Why one doctor opted for telemedicine over a hospital

Telemedicine
Jaded by the medical system, one doctor decided to go straight into telemedicine practice.

Jessica Knox finished medical school feeling jaded by the medical system and wanted a different way to practice medicine. So instead of following most of her peers into the hospital, she joined a telehealth startup.

Knox, who serves as the medical director at Nurx, a telehealth company that focuses on getting women “safe and timely access to birth control,” told MIT Technology Review she was interested in finding a medical career where she could have more control. She spends her day messaging with patients online and sees an opportunity for telehealth to ease some of the existing pressure on the healthcare industry by taking on more basic care needs and allowing clinics to address patients with acute illnesses.

Related: Is the telehealth sector headed for a bubble?
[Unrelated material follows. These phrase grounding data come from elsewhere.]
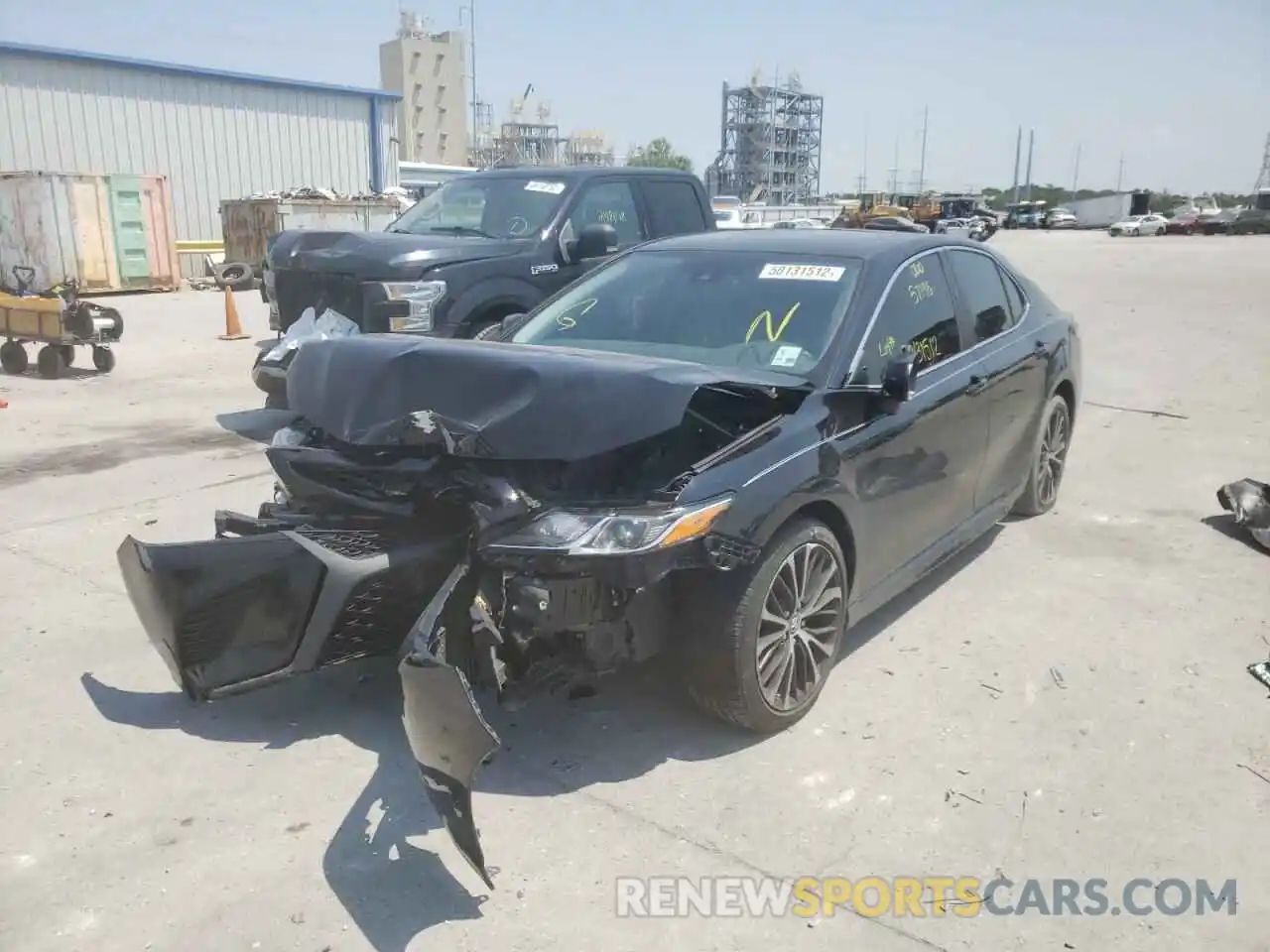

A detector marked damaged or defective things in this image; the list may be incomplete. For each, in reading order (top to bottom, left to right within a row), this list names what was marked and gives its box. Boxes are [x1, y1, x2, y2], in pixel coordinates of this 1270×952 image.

crumpled hood [268, 229, 525, 282]
broken headlight [373, 279, 449, 334]
crumpled hood [286, 334, 802, 461]
torn fender liner [287, 332, 808, 459]
detached front bumper [116, 518, 464, 695]
damaged black car [114, 229, 1081, 889]
broken headlight [482, 500, 731, 558]
torn fender liner [1213, 477, 1264, 550]
torn fender liner [398, 654, 497, 893]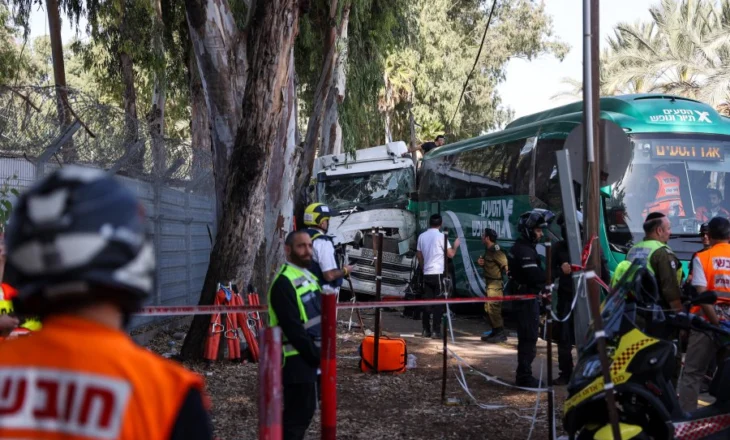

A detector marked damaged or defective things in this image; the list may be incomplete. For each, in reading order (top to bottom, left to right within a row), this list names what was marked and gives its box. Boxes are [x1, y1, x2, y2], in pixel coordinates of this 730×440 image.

damaged white truck [310, 141, 418, 300]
The vast majority of hospital executives have indicated they are willing to invest in telehealth technology, and tech companies are seeing plenty of opportunities to innovate in this space. Payment and reimbursement remain a critical barrier for the industry at large.
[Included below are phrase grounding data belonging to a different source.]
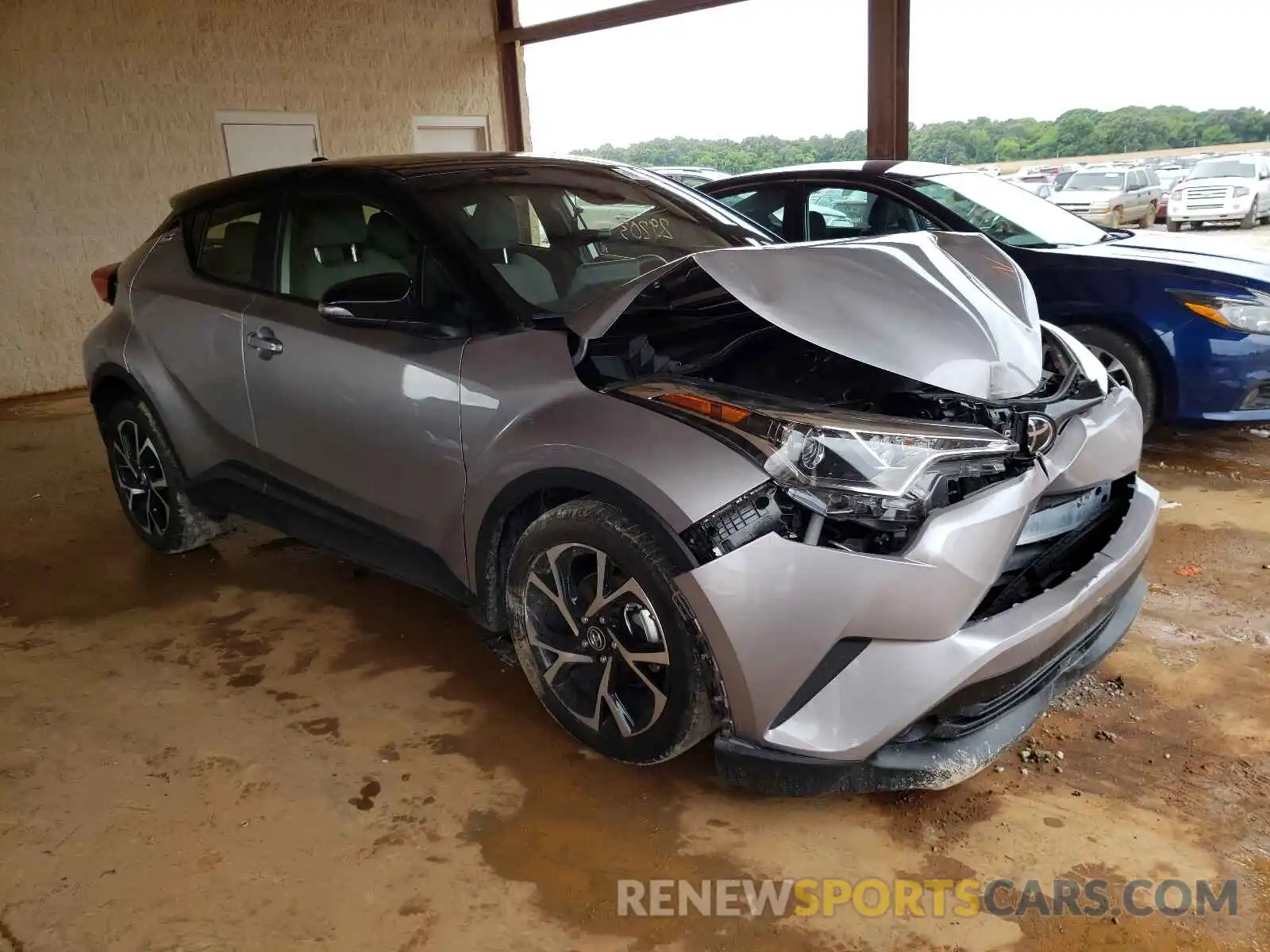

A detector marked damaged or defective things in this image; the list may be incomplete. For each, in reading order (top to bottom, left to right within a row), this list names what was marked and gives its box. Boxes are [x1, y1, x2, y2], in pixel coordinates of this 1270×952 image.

damaged toyota c-hr [82, 158, 1162, 797]
crumpled hood [565, 232, 1041, 401]
broken headlight [629, 382, 1022, 555]
damaged front bumper [673, 387, 1162, 797]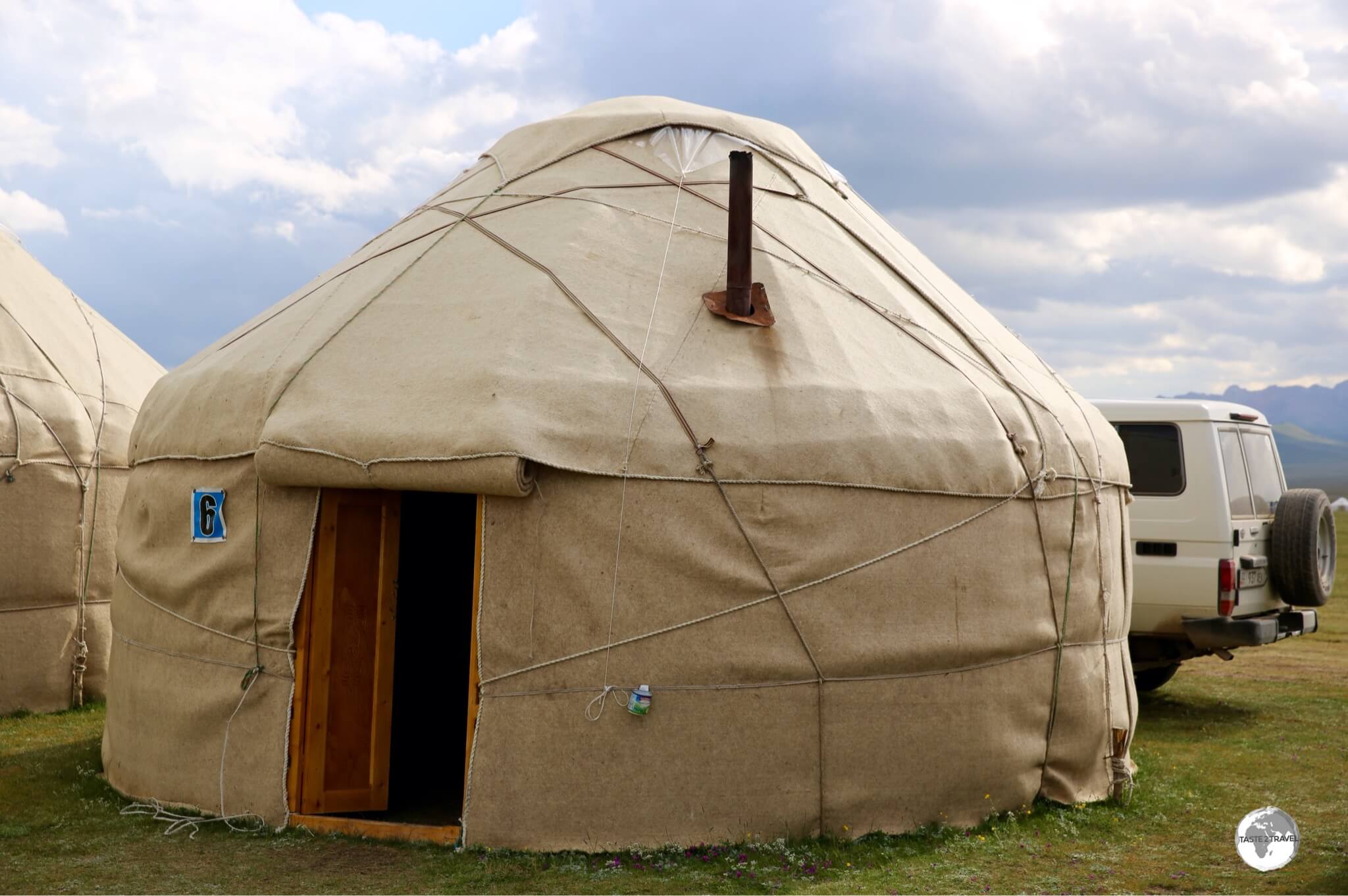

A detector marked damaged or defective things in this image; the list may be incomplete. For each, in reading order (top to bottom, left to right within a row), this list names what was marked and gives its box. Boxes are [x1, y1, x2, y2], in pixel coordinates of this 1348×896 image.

rusty chimney [722, 153, 754, 318]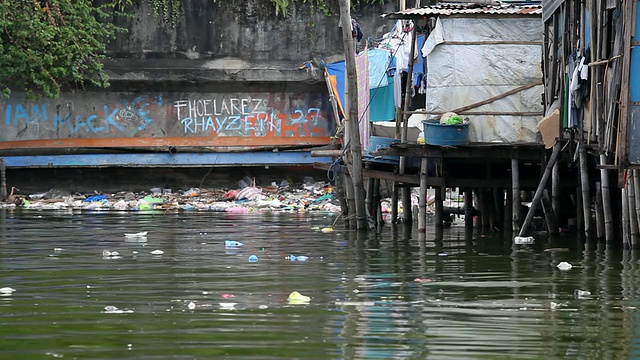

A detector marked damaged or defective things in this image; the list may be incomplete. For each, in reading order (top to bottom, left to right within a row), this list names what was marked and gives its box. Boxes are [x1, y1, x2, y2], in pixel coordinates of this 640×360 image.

rusty metal sheet [0, 92, 338, 150]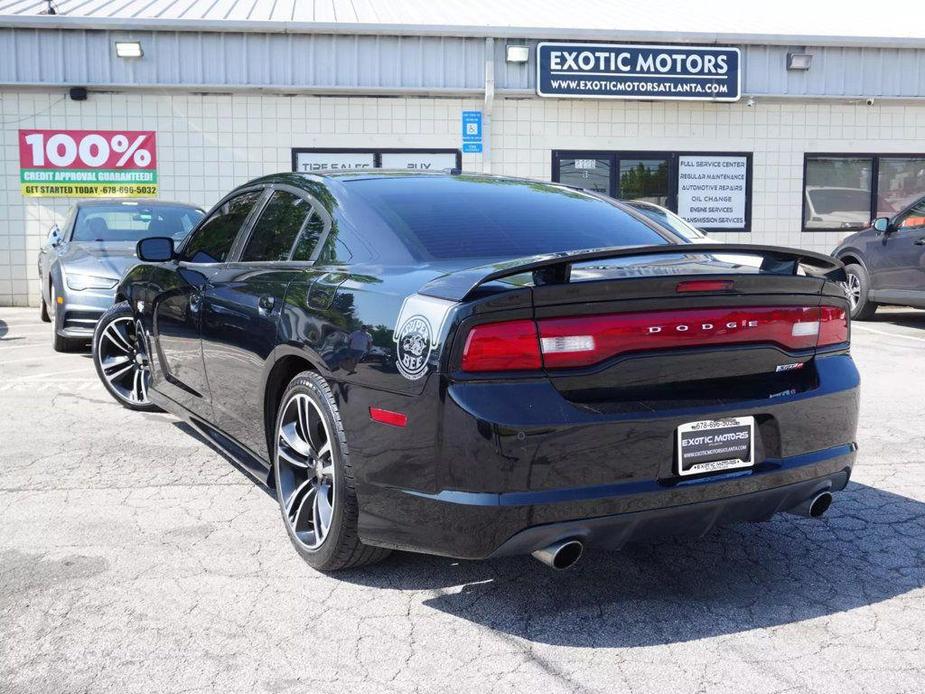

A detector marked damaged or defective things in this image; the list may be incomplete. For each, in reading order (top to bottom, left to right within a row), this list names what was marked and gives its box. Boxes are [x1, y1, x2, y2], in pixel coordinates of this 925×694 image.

cracked pavement [1, 308, 924, 692]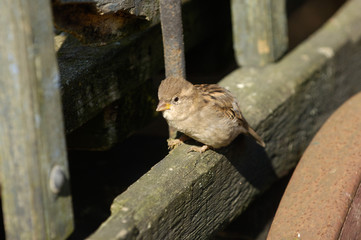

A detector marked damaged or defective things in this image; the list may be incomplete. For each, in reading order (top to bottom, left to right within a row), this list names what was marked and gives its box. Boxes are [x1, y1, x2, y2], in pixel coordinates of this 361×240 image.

rusty metal surface [159, 0, 186, 78]
rusty metal surface [266, 92, 360, 240]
But, she adds, the traditional system is still coming to terms with the role that telehealth could play in augmenting patient care.
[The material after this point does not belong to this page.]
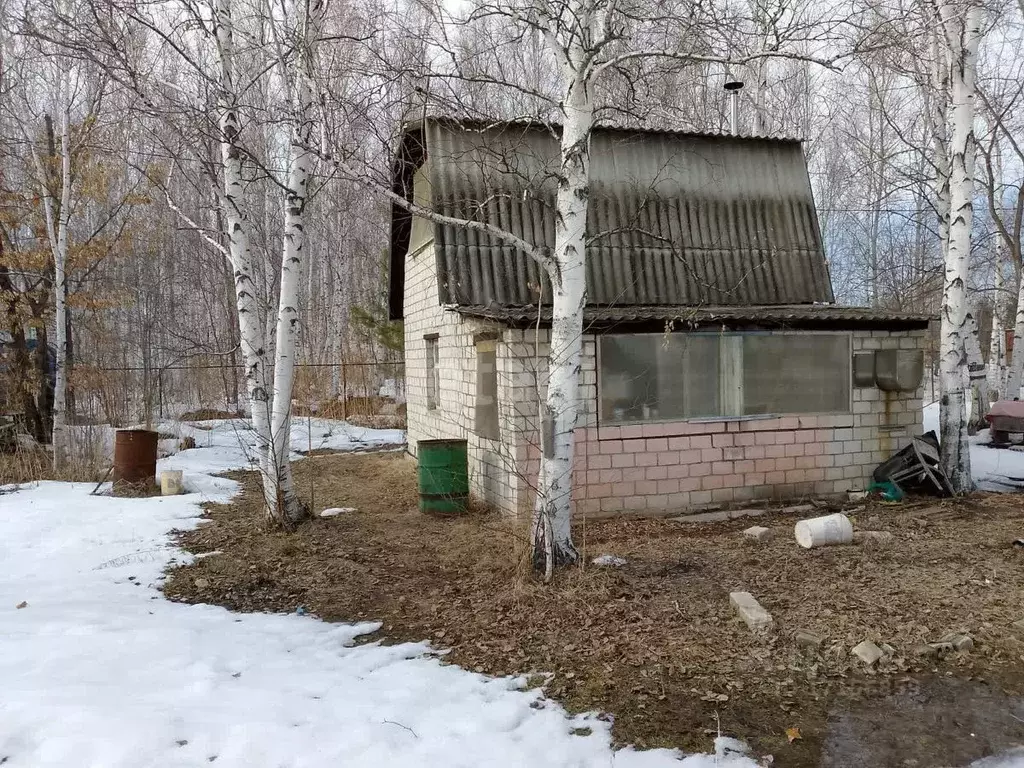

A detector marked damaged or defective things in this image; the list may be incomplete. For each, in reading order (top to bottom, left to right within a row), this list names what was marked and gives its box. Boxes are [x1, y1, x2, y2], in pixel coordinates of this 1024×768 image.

broken roof section [390, 115, 832, 320]
rusty metal barrel [112, 432, 158, 486]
“When I was coming through medical school and residency, we weren’t trained in telemedicine or how to handle patients via text or via messaging,” she told MIT Technology Review. “I think a lot of doctors  at first are kind of like, ‘Whoa, what are you doing?’ and then when they actually start talking to you about it and thinking about it, they start to see that it makes sense.”

Related: Senators reintroduce popular bill to expand coverage for telehealth, remote monitoring

Earlier this month a group of six senators reintroduced the Creating Opportunities Now for Necessary and Effective Care Technologies (CONNECT) for Health Act of 2017, that would expand access to telehealth for Medicare patients and potentially save the government as much as $1.8 billion.